Não esqueçam do Uruguai...
As características étnicas e sociológicas da Bolívia são bem diferentes dos outros povos latino americanos. Não se pode comparara ou tentar construir (não seria impor???) unidades onde as diferenças são bem distintas. A onda do Brasil -- dominado por uma classe média que aumenta geométricamente -- é outra. Essas fotos foram retiradas do site do jornal americano Boston Globe.
sir ney é o maior pústula desse país.
Barto, não tire esse privilégio do Maia.
Sir Ney é o segundo.
jornal americano.... jornal estadunidense, seu boca suja!
jornal americano até a Zero Hora é. até a platéia de livramento é americana.
ser americano não é privilégio de quem nasceu nos States. americanos somos todos nós, do alaska à terra do fogo.
maia quer ser esperto, mas é um bocó caipira copiador e imitador de tudo que acha bunitim
O MAIA é ALIENADO nativo dos YANQUES! Êle está vendo a decadência do modêlo de economia adotado por figuras(MADOFFs) que foram acobertados pela mídia safada!
O grupo dos educados, dos intelectuais, mestres, doutores, PHD’s, passou as últimas décadas a tentar nos convencer de que as privatizações, as desregulamentações, a desistência da soberania, enfim, a entrega de tudo aos humores do deus mercado, era o único caminho a seguir. Incrivelmente, com todos os seus dotes e virtudes, não conseguiram (ou não quiseram) enxergar aonde seu fundamentalismo nos levaria. E que, de fato, nos levou.
Pois, foi preciso que “os mais fodidos entre os fodidos”, na expressão cunhada por Eduardo Galeano, os índios, mostrassem aos entendidos, aos sábios, o caminho a seguir. E o caminho era a mobilização popular.
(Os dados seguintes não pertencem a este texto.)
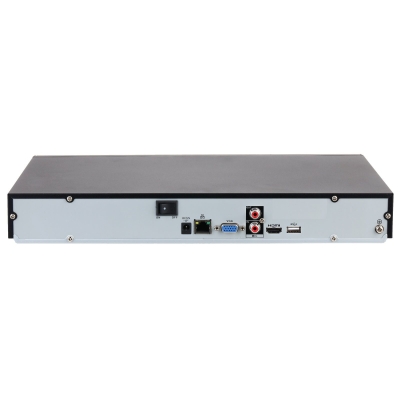 8-канальный IP видеорегистратор DHI-NVR2208-I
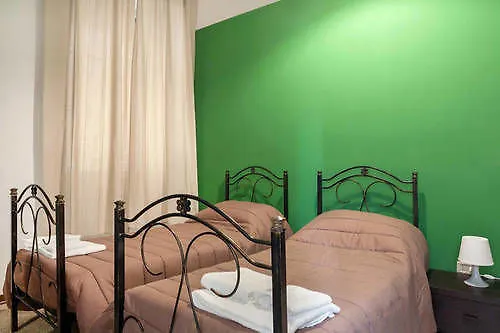 Tra L'Etna E Il Mare B&B CTA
Assim, os índios bolivianos e equatorianos mudaram seus destinos. Resolveram bater de frente com suas elites para mostrar que há alternativas à subserviência eterna aos interesses dos impérios.
Isto parece corroborar a opinião do lingüista Noam Chomsky de que os intelectuais constituem o extrato mais ignorante da sociedade, pois sabem de tudo o que se passa, ou pelo menos têm plenas condições de sabê-lo e, apesar disso, preferem acoitar-se nas benesses concedidas pelo poder e evitam implementar ações no sentido da mudança do status quo.
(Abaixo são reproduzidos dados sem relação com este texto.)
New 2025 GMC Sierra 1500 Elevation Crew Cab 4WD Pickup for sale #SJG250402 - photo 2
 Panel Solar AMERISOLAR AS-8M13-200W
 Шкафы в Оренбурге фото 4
Um viva a Evo Morales e aos índios bolivianos e equatorianos!
E viva os Charruas do Rio Grande do Sul, os que sofreram o maior Holocausto, pois foram praticamente exterminados sobrando somente algumas dezenas deles.
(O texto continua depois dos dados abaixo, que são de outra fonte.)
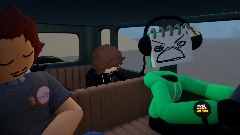 A screenshot taken in Dreams. 1 of 1.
A base social e política de Evo são os indígenas. Os índios não tem mais nada a perder. Os trabalhadores urbanos e rurais do Brasil (por exemplo), ainda sonham com a ascenção capitalista. É difícil. Na Bolívia, popularidade e aprovação do governo significam carta branca. Aqui, não.
- FAZENDA, OS MALAS MAIAS (NÃO CONFUNDAM COM A CIVILIZAÇÃO MAIA) E O PIG ENQUANTO "CONSENSO DE WASHINGTON", AFIRMAVAM QUE OS SUL-AMERICANOS SABIAM VOTAR. NÃO SE IMPORTAVAM COM A COLOCAÇÃO DE NELSON RODRIGUES QUE TODA A UNANIMIDADE É BURRA . ESTRAGO FEITO, OS POVOS EXECRARAM O DITO "CONSENSO" E AS ELITES OLIGÁRQUICAS AGORA AFIRMAM QUE O POVO NÃO SABE VOTAR. POBRES DE ESPÍRITO!! OLHOS VOLTADOS PARA A EUROPA E BUNDA PARA OS "STATES".
A burguesia fede!
Eu quero ver é se o governo Evo vai -- daqui a alguns anos -- melhorar a situação econômica do povo mais pobre da américa latina. Discurso bonito exaltando as etnias, carregado de ideologia caduca não enche barriga de ninguém. Quero ver o resultado.
A Bolívia está livre do analfabetismo. Já é um baita resultado.